Unable to refuse, Hēraklēs went off in search of the golden hind of Artemis, which was also known as the Keryneian Hind (Κερυνῖτις ἔλαφος), or Krynites. In his 'Hymn to Artemis', Kallimachos describes the sacred animal, and explains that there were more of these animals--five in total--of which Artemis captured four and yoked them to her chariot. The other escaped:
 
"Thence departing (and thy hounds sped with thee) thou [Artemis] dist find by the base of the Parrhasian hill deer gamboling – a mighty herd. They always herded by the banks of the black-pebbled Anaurus – larger than bulls, and from their horns shone gold. And thou wert suddenly amazed and sadist to thine own heart: “This would be a first capture worthy of Artemis.” Five were there in all; and four thou didst take by speed of foot – without the chase of dogs – to draw thy swift car. But one escaped over the river Celadon, by devising of Hera, that it might be in the after days a labour for Heracles, and the Ceryneian hill received her." [98]

Hēraklēs found a worthy adversary in the hind, which eluded him for almost a year. He chased it to the far corners of Hellas and beyond, and then, eventually, he came upon it. How, exactly, the hind was caught varies, and even varied in ancient times. Diodorus describes:
 
"The next Command which Heracles received was the bringing back of the hart which had golden horns and excelled in swiftness of foot. In the performance of this Labour his sagacity stood him in not less stead than his strength of body. For some say that he captured it by the use of nets, others that he tracked it down and mastered it while it was asleep, and some that he wore it out by running it down. One thing is certain, that he accomplished this Labour by his sagacity of mind, without the use of force and without running any perils."

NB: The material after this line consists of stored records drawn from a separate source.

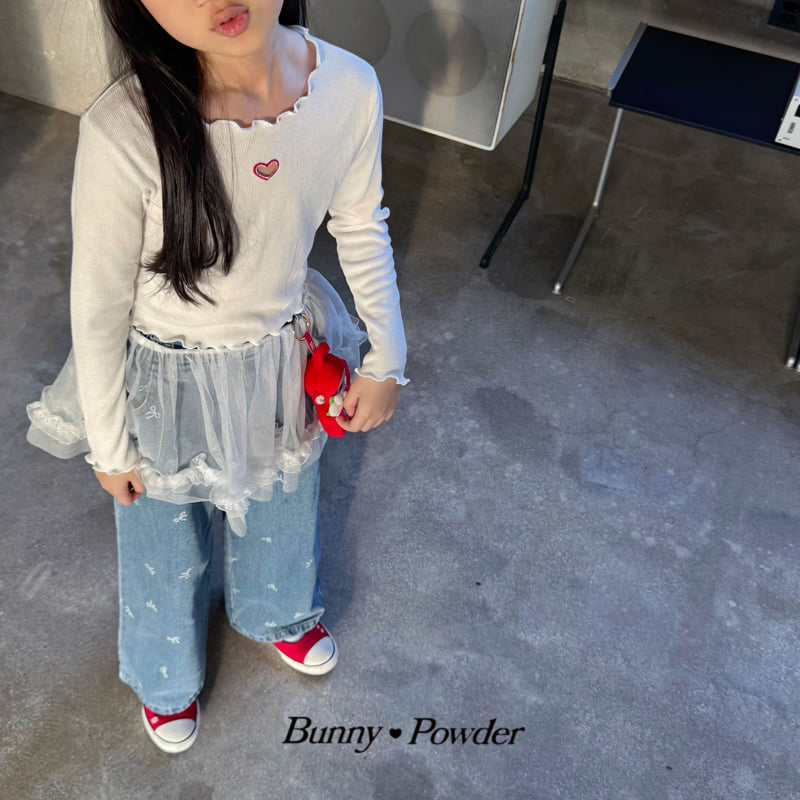 Bunny Powder - Korean Children Fashion - #discoveringself - Heart Tee - 3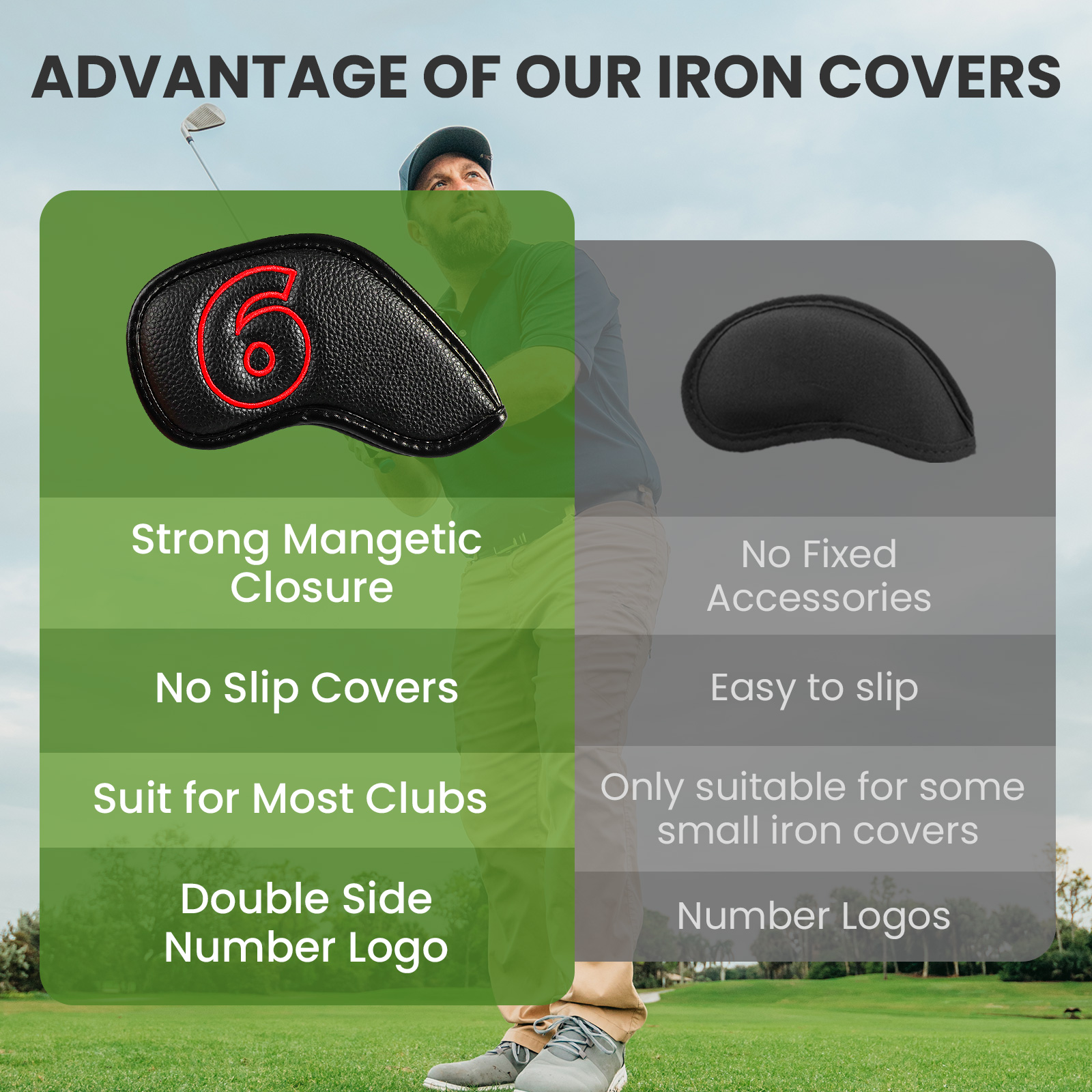 Golf Iron Covers Set Strong Ma - Golf Club Iron Set incelemesi ve fiyatı
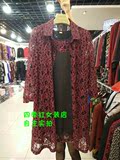 金迪雪2016-37中老年短袖女装春季时尚中长款蕾丝两件套连衣裙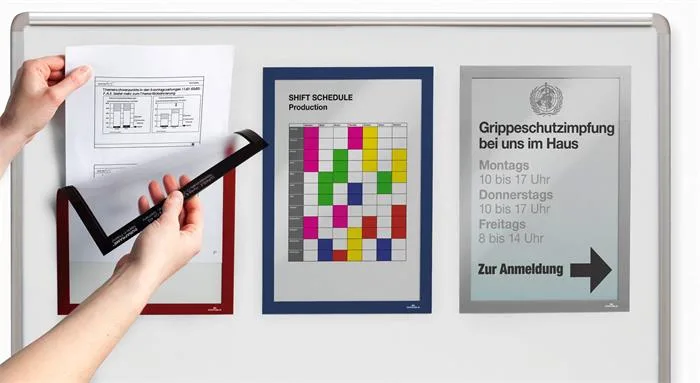 Informačný panel, A4, magnetický, DURABLE "DURAFRAME® MAGNETIC", červená 4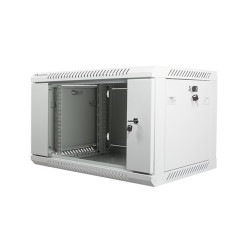 Nástenný rack 19| 6U 600X450mm sivý flat pack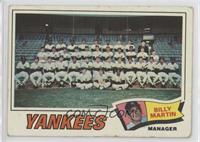 New York Yankees Team, Billy Martin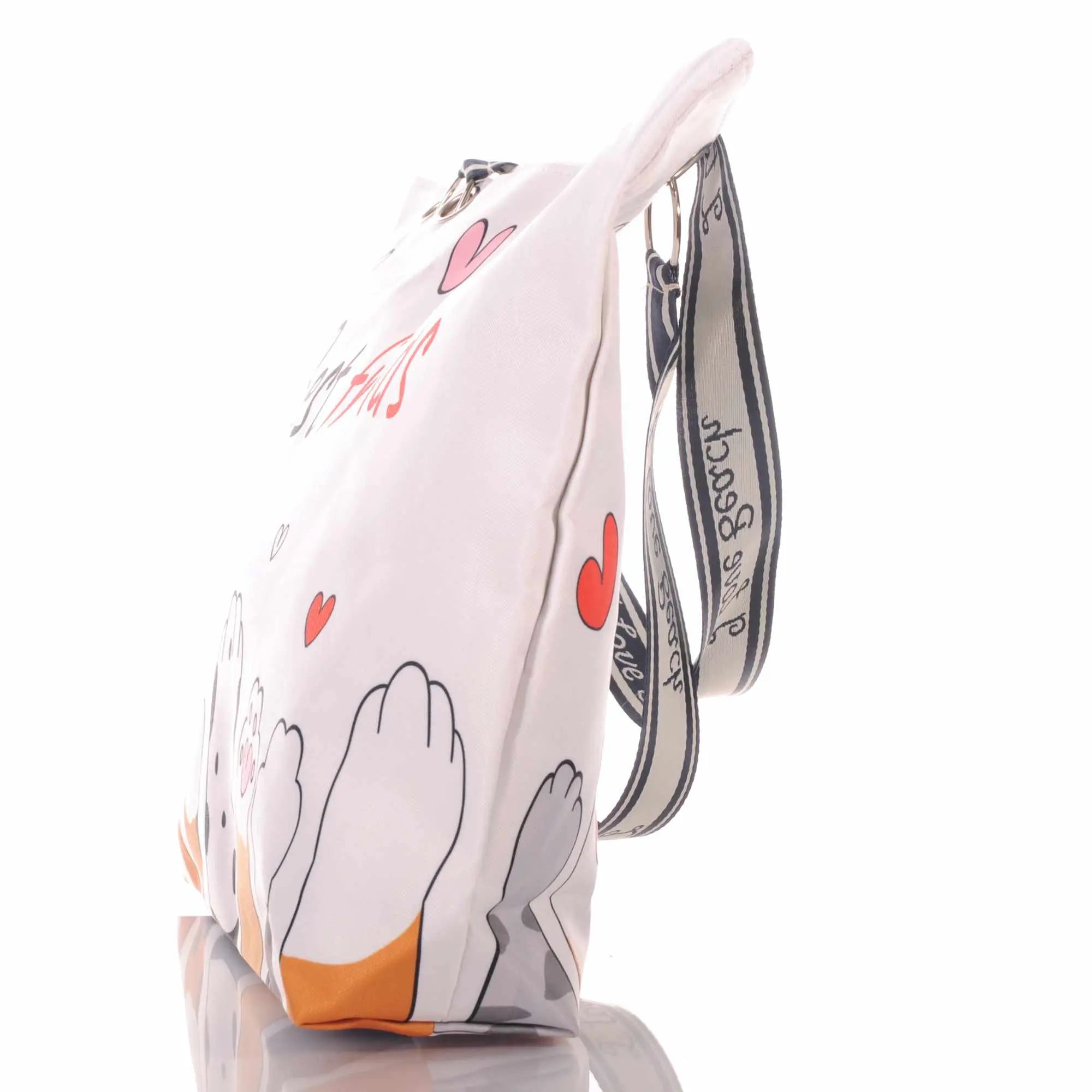 Strandtasche mit Hundepfoten und Best Friends Motiv –  2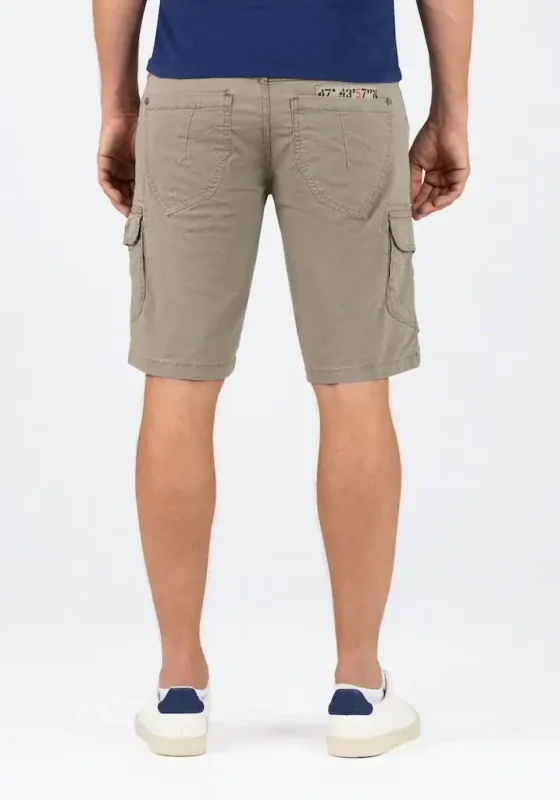 Timezone: RykerTZ  Regular fit cargo shorts, Beige - Image 4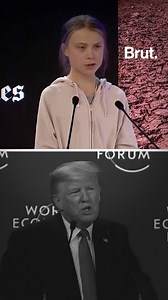 Donald Trump VS Greta Thunberg : 1 climate crisis, 2 points of view at the World Economic Forum. | Brut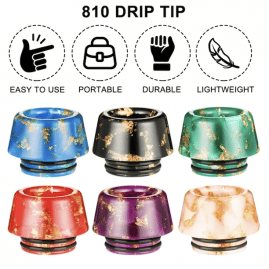 Coloured With Gold Fleck Epoxy 810 Drip Tip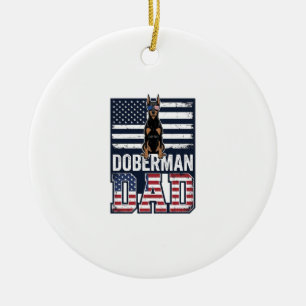 Décoration En Céramique Conception de T-shirt pour chien patriotique Dober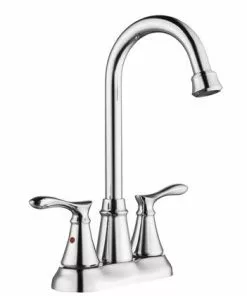 Tuscany® Marianna™ Two-Handle Polished Chrome Bar/Prep Kitchen Faucet | Stylish & Durable Fixture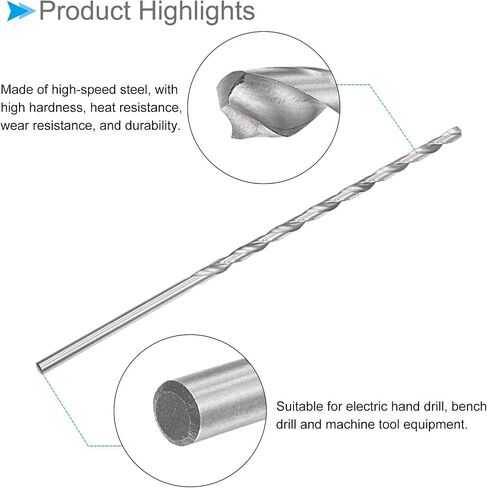 CoCud Extra Long Twist Drill Bit, 8mm Drill Diameter 300mm Total Length, High Speed Steel Twist Drill Bit - (Applications: for Copper Metal Woodwork) in Saudi Arabia
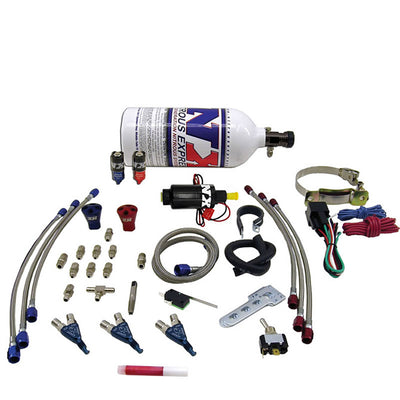 Three Cyl Piranha Nitrous Kit <br> With 2.5lb Bottle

Whatever the case, the hind is caught, and Hēraklēs hurries to the king to finish the task. On the way back, however, Artemis and Apollon appear, both rady to end his life. Hēraklēs pleads with Them, lying the blame on Eurystheus. Artemis makes him promise to return the hind to Her when he has shown it to the king, and Hēraklēs agrees. The divine twins spare his life, and thus foil Eurystheus' plan to have Hēraklēs killed.

So Hēraklēs returns with the stag on his shoulders. The king is furious, but he is happy he will at least possess the golden hind now. He orders Hēraklēs to put the hind in the stables, but Hēraklēs knows that the hind must be returned to Artemis without delay. Devising a plan of his own, he tells the king to come and take the hind from him. When he releases the animal, he does so slightly too early, and the swift-footed hind escapes into the woods. Hēraklēs has completed another labour, and he has managed to appease Artemis; not bad for someone previously known mostly for his brute strength.